Hacía mucho tiempo que no me ponía a escribir nada más levantarme. De hecho, cada vez me cuesta más escribir. Ya he comentado en muchas ocasiones que, según ha ido pasando el tiempo, siento más pudor de compartir mis sentimientos.
Pero el dolor sigue latente. Quizás con mayor ardor, porque para el resto del mundo el paso del tiempo tendría que haberlo apagado. Porque, ese paso del tiempo, para los de enfrente, lo cura todo. Porque, según los demás, cada día se me ve mejor: más guapa, más sonriente, más arreglada…
Pero el dolor está debajo de ese maquillaje, y ahora, ya, ni siquiera la escritura lo apacigua. Es más, el cuerpo es muy sabio, y quizás se aleja de la escritura, para no llorar más. Porque escribir es sanador, pero es que es una escritura en la que la tinta y las lágrimas se mezclan casi a partes iguales.
Hay un libro de Rosa Montero, «El amor de mi vida», donde te habla de otros muchos libros, que yo retomo de vez en cuando, pues es una buena guía para saber qué otro libro puede apetecer leer. En estos días, leía alguna de esas reseñas.
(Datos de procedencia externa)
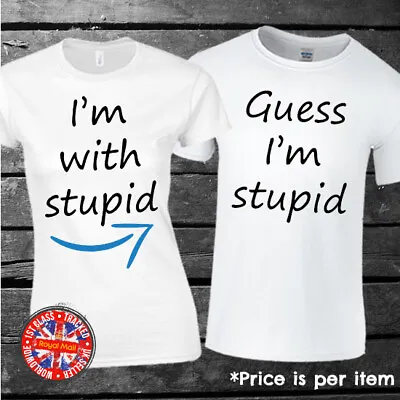 Funny Matching T-shirt Set  I'm With Stupid  Couples Family Wedding Gift • £10.95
Y por ejemplo, en la de la novela «Mi nombre es Jacinto», de Manuel Fajardo, Rosa definía el dolor por la pérdida de un hijo, en una frase, relatando sobre la temática de la novela y el dolor del personaje: …sublima el dolor con el dolor del mundo, se sumerge en el sufrimiento de la humanidad entera, porque el sufrimiento por su hijo es demasiado grande.
Y más adelante: …Cordura, que es nuestra capacidad para sobrellevar la locura del mundo, y para ser razonablemente felices pese a todo.
Ese «cordura» me recordó a mi relato «Lo-cu-ra», publicado hace unos años en los periódicos del grupo Vocento.
No sé si alguna vez fui una persona cuerda. De lo que sí estoy segura es que, nadie que haya pasado por la muerte de un hijo volverá a ser normal, en el sentido de normalidad, «para ser razonablemente felices».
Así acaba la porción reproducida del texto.